Parents in India are extremely conscious of how their kids perform at school- not qualitatively but mostly in quantitative terms. ‘How many marks did your kid score in Science?’ ‘What is your kid’s rank in class?’ ‘Which prize did your kid win in the painting competition?’ And then they go home to compare this with their own kid. The parents rate themselves according to their kids’ performance and feel happy or sad based on the outcome. I know of parents who were not ready get out of their homes because of the shame their kids brought onto them by not entering an elite institute.
There is great deal of obsession with elite institutes as well. As I see it, IIM is not really a serious business management institute at all- it is just another one of those title-endowing schools which looks great in a resume- like being a member of International Engineering Group - nobody knows what it means, but does look good on a resume. Getting into an IIM is just the next step which follows the long list of other schools that you entered only to tell others how big is your IQ compared to the kid next door. Scoring 92% in ICSE/CBSE exams followed by rank number 228 in IIT-JEE entrance test followed by 99.6% in CAT results followed by $180K job is the prescribed path suggested to all the kids nowadays. Even the household astrologer has started suggesting this path to the so called successful-kid-raising-parents.
I am not sure if this reporting frenzy taken up by different news groups and the colleges is a healthy sign.
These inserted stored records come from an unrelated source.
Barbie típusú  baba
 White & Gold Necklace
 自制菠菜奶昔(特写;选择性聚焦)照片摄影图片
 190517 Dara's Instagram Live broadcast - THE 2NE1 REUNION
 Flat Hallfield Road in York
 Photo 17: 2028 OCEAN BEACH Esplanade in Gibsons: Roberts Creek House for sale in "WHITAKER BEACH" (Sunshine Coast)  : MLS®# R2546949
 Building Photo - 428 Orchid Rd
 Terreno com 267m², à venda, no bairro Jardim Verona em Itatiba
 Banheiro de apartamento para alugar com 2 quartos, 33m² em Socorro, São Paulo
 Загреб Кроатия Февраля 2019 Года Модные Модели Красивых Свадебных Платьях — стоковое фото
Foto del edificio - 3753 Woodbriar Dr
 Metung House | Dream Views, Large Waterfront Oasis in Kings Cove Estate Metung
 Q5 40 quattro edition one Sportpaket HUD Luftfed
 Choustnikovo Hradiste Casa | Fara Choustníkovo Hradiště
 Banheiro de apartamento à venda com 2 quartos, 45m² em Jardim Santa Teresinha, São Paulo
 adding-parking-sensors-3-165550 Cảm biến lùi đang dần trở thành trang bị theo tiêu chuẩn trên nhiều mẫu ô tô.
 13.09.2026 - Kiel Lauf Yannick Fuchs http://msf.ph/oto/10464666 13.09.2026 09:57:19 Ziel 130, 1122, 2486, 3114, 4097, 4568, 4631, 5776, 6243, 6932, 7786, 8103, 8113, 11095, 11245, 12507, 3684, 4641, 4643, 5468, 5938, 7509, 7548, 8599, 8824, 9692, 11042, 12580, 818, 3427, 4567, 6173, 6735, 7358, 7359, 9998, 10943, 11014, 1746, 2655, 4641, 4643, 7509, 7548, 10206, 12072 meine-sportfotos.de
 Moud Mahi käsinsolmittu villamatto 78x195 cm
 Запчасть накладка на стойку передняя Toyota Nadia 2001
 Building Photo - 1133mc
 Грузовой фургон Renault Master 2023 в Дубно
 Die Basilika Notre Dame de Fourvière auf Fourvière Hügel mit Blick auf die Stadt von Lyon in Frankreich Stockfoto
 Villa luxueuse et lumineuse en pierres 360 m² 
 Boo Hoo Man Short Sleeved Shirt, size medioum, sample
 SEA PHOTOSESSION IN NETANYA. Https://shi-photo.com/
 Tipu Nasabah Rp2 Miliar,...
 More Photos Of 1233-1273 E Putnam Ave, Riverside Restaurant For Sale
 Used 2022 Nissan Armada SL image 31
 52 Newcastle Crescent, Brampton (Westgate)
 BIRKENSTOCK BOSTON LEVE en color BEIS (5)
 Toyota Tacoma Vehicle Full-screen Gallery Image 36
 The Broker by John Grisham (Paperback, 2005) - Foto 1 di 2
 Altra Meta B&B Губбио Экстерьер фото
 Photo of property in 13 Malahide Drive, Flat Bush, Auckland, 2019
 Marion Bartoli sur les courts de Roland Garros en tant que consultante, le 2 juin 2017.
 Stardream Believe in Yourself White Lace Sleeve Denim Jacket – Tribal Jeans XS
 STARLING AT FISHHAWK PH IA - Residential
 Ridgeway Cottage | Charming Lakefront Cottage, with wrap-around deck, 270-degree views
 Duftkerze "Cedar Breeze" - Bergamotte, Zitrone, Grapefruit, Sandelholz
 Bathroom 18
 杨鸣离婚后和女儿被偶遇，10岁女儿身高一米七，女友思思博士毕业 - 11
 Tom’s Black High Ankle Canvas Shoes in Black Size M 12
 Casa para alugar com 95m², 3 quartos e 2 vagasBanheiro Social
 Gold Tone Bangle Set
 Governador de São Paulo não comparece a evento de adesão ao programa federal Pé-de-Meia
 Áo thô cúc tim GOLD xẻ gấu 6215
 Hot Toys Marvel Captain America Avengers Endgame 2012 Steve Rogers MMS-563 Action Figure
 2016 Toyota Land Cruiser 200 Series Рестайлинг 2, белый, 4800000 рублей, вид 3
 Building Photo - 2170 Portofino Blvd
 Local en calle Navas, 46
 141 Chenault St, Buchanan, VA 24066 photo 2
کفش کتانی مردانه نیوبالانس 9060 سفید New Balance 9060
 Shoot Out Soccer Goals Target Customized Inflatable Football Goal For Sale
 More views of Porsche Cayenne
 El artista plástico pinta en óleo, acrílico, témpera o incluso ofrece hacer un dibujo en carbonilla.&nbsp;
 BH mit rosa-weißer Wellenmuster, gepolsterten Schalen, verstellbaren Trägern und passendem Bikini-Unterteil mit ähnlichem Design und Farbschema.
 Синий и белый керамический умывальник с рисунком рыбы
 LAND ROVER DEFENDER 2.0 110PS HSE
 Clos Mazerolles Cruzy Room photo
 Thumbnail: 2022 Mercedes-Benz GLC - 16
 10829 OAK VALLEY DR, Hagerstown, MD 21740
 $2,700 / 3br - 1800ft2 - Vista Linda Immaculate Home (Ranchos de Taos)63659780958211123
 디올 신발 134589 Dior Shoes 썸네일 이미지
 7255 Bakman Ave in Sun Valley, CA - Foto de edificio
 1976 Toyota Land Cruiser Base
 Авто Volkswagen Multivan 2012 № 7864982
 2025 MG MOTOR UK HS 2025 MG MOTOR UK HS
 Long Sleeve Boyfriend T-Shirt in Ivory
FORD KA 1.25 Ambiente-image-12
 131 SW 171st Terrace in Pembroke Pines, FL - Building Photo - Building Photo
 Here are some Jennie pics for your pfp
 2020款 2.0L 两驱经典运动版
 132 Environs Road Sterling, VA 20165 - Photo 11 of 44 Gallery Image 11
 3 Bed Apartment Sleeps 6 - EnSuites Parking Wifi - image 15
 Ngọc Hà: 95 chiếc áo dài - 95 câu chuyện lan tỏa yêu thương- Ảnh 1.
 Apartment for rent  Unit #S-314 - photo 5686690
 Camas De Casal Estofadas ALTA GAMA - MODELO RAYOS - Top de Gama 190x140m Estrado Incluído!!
First of all, I always had serious doubts on the contribution of various IIM grads to any business. Right now, I run my own business and I keep asking myself – ‘Do I really need an MBA grad in my team?’ It’s like asking myself – ‘Do I really need a helicopter so that I can commute from my home to office which is 3 km away?’
Do a survey. Ask any IIM grad this question – ‘What is the purpose of a company/business?’ He/she would answer without even thinking (or even blinking) – ‘To make money’ (or ‘To maximize returns to a stockholder’). When I got the same set of answers from far too many IIM grads, I reasoned- ‘I don’t think so. It has a far higher purpose than just making money’. They came back with an immediate reply- ‘But a company/business would cease to exist if it did not make money’. That’s how they run to the conclusion that ‘making money is the purpose of a business’.
I have an analogy to understand this. Ask anyone who is next to you– ‘What is the purpose of life?’ and he/she would ponder for long to answer and most probably each of those answers would be unique. What if my answer to this question is ‘To breathe’? Would you agree? Of course not! Many would disagree with me on this, I think. But then I would reply – ‘You would cease to exist if you didn’t breathe’. Hence, ‘To breathe is the purpose of one’s life', I conclude. Sounds absurd, eh? But that’s exactly the same argument a high-IQ IIM grad uses. Founders of HP, Gillette, Apple, Google, and many other business icons of modern era have NOT founded their companies to make money. They all wanted to make a difference in this world- which was much more than just making money. Making money is like breathing, one needs it to exist, but that is not the main purpose of one's existence- they believed.
According to me, IIM grads are in fact useless as far as running a business is concerned. They are too young when they enter a business school. Most of them do not have any industry experience – and even if they do, it is a mere year or two, of which they spent half the time preparing for CAT exam. How does one debate in a IIM class on what should be done to a business given a situation? The solution does not come out of pure number crunching exercise- as every experienced business man knows; it’s far more complicated than that and there are many subjectivies involved. So, without having the experience of going through real life situations how are these grads debating in a class room? To compound the problem, most of the teachers have no industry experience either. What we get to see is a bunch of high-IQ guys thinking and debating theoretically about a practical problem coming up with unrealistic and far-fetched solutions bereft of any accountability or responsibility.
This whole charade of announcing who got what salary is completely childish- it’s like a Tutorial institute in Hyderabad announcing what ranks their students got in a local entrance test. I mean, we should be talking about creating leaders who are worthy of making an impact to a business and society and here we are all talking about CAT scores and salary numbers.
Our fascination with numbers- how much a kid scores in each test gets exaggerated and blown up by the time that kid goes off to an IIM. This kid somehow puts on a smooth tongue and blabbers a pseudo-intellect talk, crunches some numbers and produces flashy reports to bag a job with exorbitant salary. What happens next? How about tracing each of those poster boys and see what happened to them in five years? That would tell us a great story of IIMs!